Just make it clear from the start and DON’T make promises you won’t be able to keep. Hold true to character at all times.
Meaning in your life can be found by making positive impact on others trough work you do. (Or by reading my post on finding purpose in life ;))
Ask yourself the following: What do you consider to be the most valuable thing you have to offer the world? What’s your “gift”?
Not to get whole mellow in this post – but it does make your life a whole lot more worthwhile when you know you’re making a dent in the world, leaving somewhat of a mark at least.
For me at the moment I derive meaning in my life from maintaining this blog and writing about things I believe are important to improve my & your life quality. The same thing I’m trying to communicate to others who engage in escapism-type behaviors.
We all have our unique activities in which we can “lose ourself”. The point in which we are totally immersed in the task at hand and where we lose track of time. Our “passions” so to speak.
From these moments we derive a high sense of satisfaction and emotional well-being.
There are many “follow-your-passion-guru’s” out there that say you should try to make money by doing what you love, I think it’s horrible advice. People pay for having their (perceived) needs satisfied, not what you love to do.
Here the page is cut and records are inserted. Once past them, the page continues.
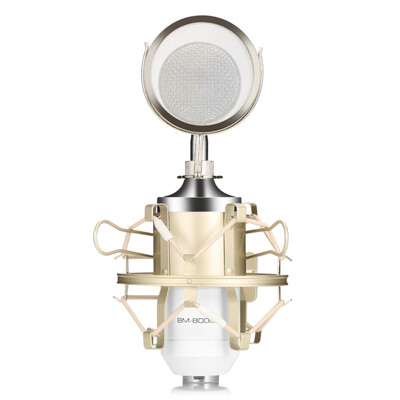 

LEIHAO BM - 8000 Professional Sound Studio Recording Condenser Microphone with 35mm Plug Stand Holder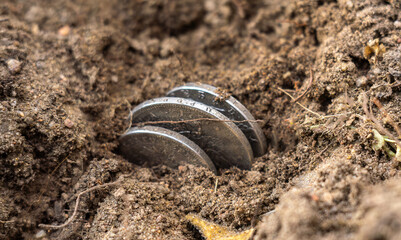 A few coins partially buried in the ground. A treasure trove of coins.
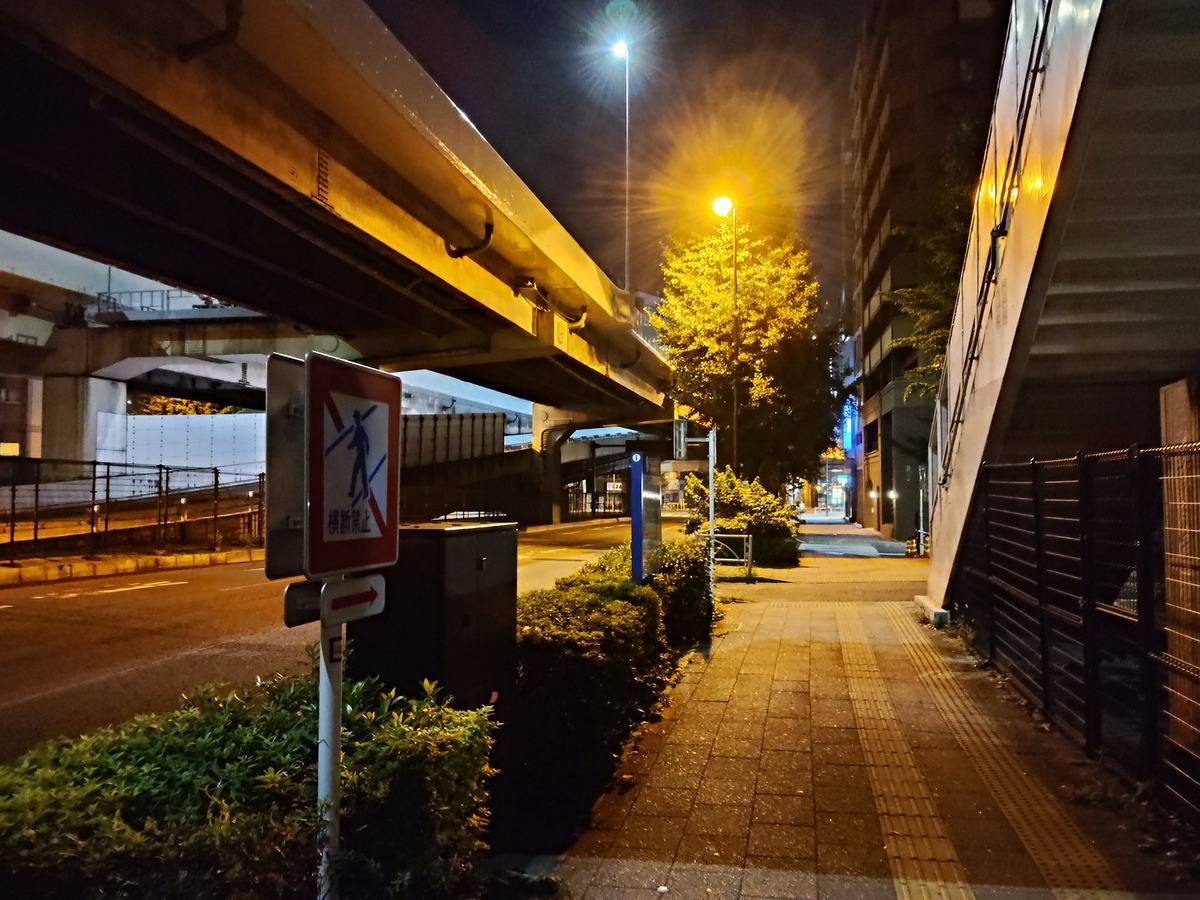 深夜の高架下の歩道。誰もいない横断歩道で信号だけが変わり続けている。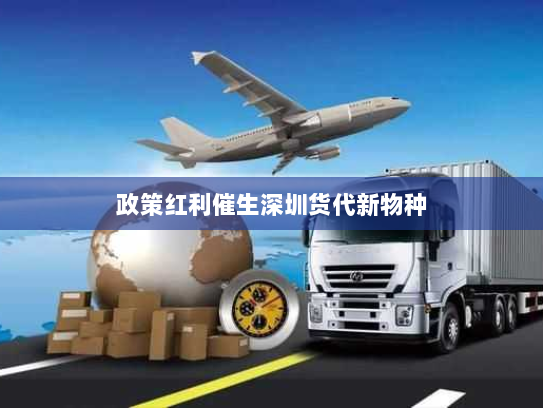政策红利催生深圳货代新物种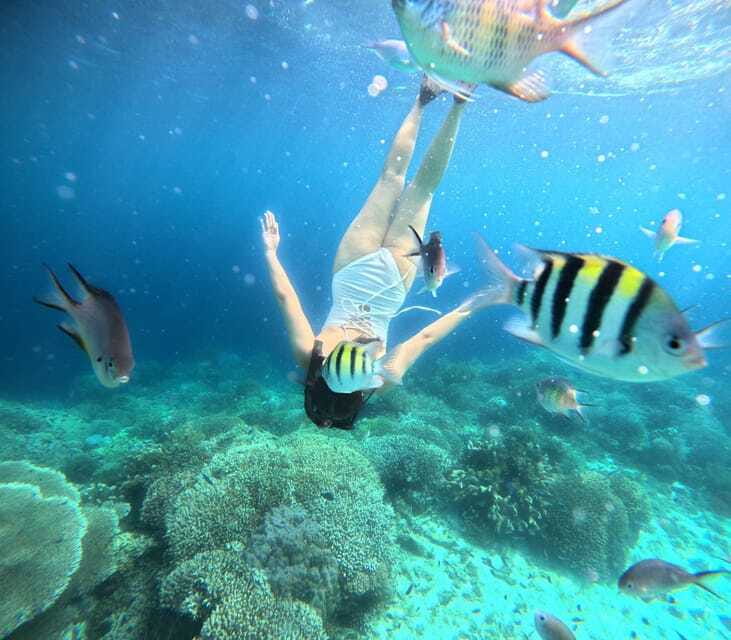 Bohol: Panglao Island Hopping Tour with Snorkeling (Private) - Is $90 per person good value?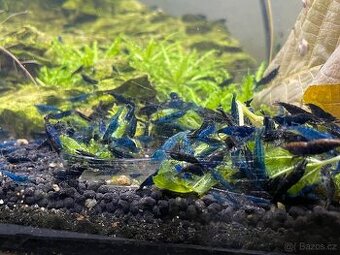 Krevetky modré Blue Diamond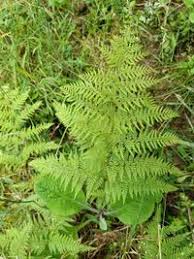 Image result for Dennstaedtiaceae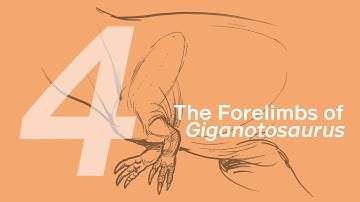04 The Forelimbs of Giganotosaurus | Join ZHAO Chuang in Drawing Lucas the Giganotosaurus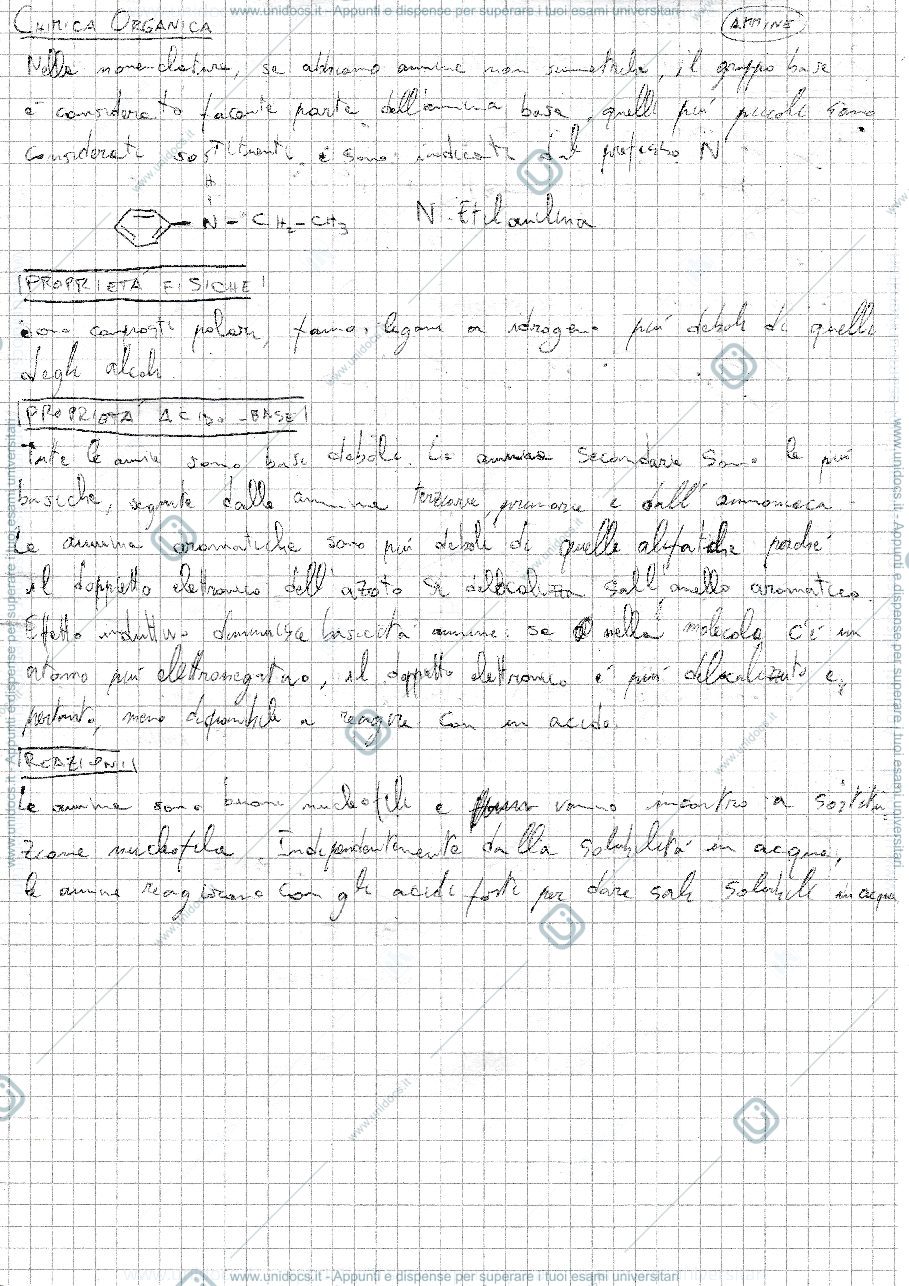 Anteprima pagina 1 — Ammine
Get the basic financial independence in check like I talked about and THEN focus on what you find meaningful (IF you’re lucky you can combine both – great. But make the financial independence your main objective first and your meaningful activity your part-time hobby)
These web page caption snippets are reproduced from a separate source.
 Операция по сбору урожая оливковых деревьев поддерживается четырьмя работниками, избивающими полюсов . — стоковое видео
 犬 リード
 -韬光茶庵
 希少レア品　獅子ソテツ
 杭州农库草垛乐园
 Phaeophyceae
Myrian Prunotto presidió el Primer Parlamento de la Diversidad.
Now you have your roots deeply planted in the character ethic, you’ve established a positive outlook on life, your basic needs have been taken care off, you’ve found meaningful work to contribute to the world and you spend a lot of time indulging in your passion(s).
Now you’re pretty much left with only one thing to be happy; Keep growing!
Meaning goal setting in all areas of life.
Keep the story of the beggar’s bowl in your mind; human desire is endless, meaning you’ll never “get there”. Happiness isn’t measured in absolutes but relatively – moment to moment progression over time is what’ll provide you long-term happiness.
(although I believe you need the baseline described above in which you aren’t constantly experiencing emotional/physical pain)
The only way to measure relative progression is by continuous growth.
Anyway, that’s the way I’m approaching my life at the moment, but you might opt for different turns in the road..
The point I’m trying to make is this:
Fill in the blanks to meet the five requirements for your long-term happiness. It’ll make you feel more responsible for your circumstances instead of complaining why the world is not devoting itself to making you happy.
As you go along, adjust and improve your direction by self-education. It allows you to “stand on the shoulders of giants” by learning from the mistakes of others.
I don’t think anyone really knows what they’re doing with their life but impose their confused truths on others to affirm what’s working for them (and prove where you – clearly – are going wrong)
Mind your own business I’d say..;
- Global focus – and therefore policy – is misdirected, leading to lower life quality in the long-term. Don’t rely on what others tell you to provide a stable future, they don’t really care.
- Mind your own business by meeting the long-term requirements of happiness;
- Mindset (high self esteem + positive outlook)
- Basic Needs (baseline of health, wealth & social)
- Meaning (find meaningful work to provide value for others)
- Flow (find an activity in which you can lose yourself)
- Growth (consecutive achievement of personal goals)
- Use self-education to adjust your direction, become a polymath
Which Of The Five Pillars Are You Struggling With The Most?
“Some women are cool with this, some are not.”
Poor naive young guy.
Some SAY they are cool with that; none are.
I wholeheartedly agree with everything else.
Yeah, there’s some truth to that Michal. But lately I’ve been taking most of what women say at face value and trying to communicate that clearly.
So far it’s what I’ve found to be working.
But, I’m in no way a relationship expert so my opinion on that is subject to change.